**MATERIAL FOR THIS TASK**
-=-=-=-=-

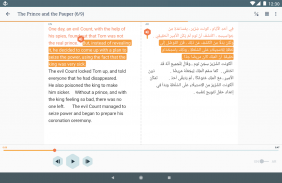 Beelinguapp: تعلم لغات screenshot 7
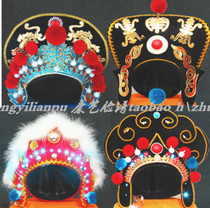 New Sichuan Opera face change helmet hat led light Kangyi face mask national gift new listed tail goods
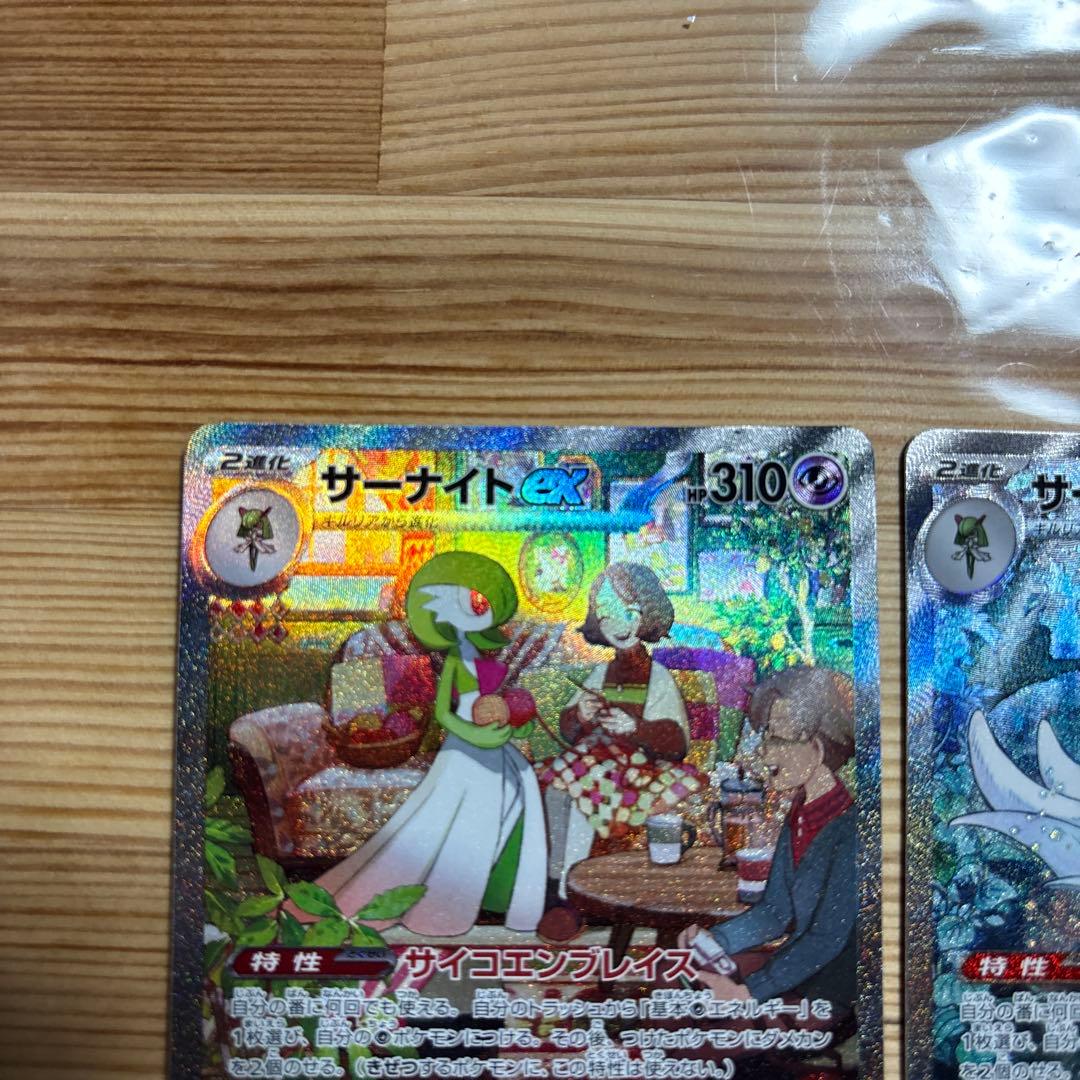 サーナイトex sar 2枚セットまとめ売り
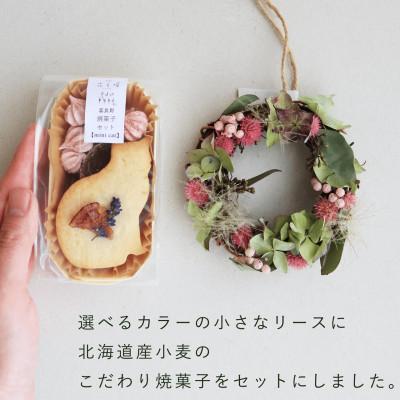 ふるさと納税 上富良野町 富良野 花七曜 リースと焼菓子セット Cat mini ラベンダー ピンク ◆ ドライフラワー_1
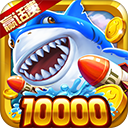 极限捕鱼爆机版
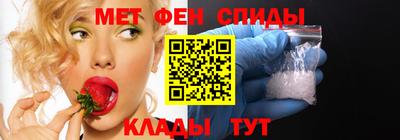 прущие грибы Будённовск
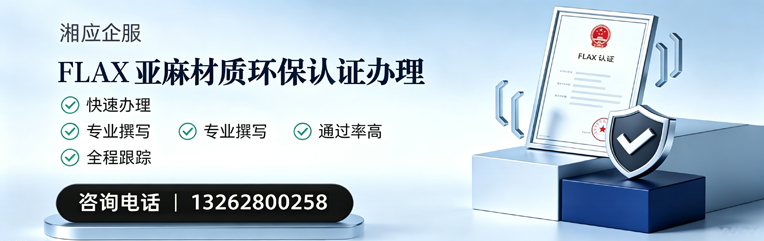 焦作FLAX亚麻材质环保认证申请服务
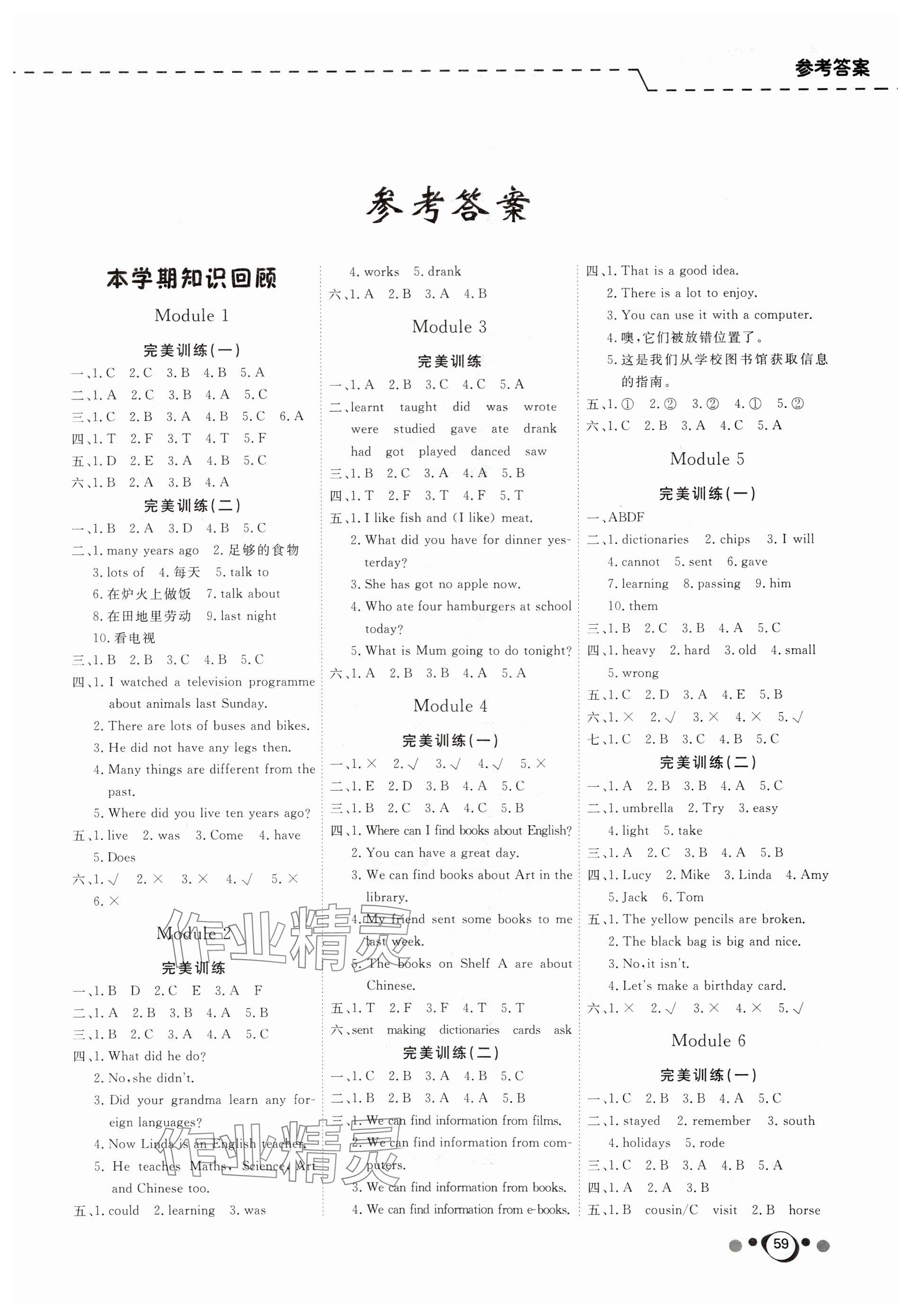 2025年快乐假期五升六年级英语外研版延边教育出版社 参考答案第1页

-=-=-=-=-

**WHAT TO DO**
Repeat every record above exactly. Omit the pictures.

**RESPONSE TO THE TASK**
 Beelinguapp: تعلم لغات screenshot 7
 New Sichuan Opera face change helmet hat led light Kangyi face mask national gift new listed tail goods
 サーナイトex sar 2枚セットまとめ売り
 ふるさと納税 上富良野町 富良野 花七曜 リースと焼菓子セット Cat mini ラベンダー ピンク ◆ ドライフラワー_1
 极限捕鱼爆机版
 прущие грибы Будённовск
 焦作FLAX亚麻材质环保认证申请服务
 2025年快乐假期五升六年级英语外研版延边教育出版社 参考答案第1页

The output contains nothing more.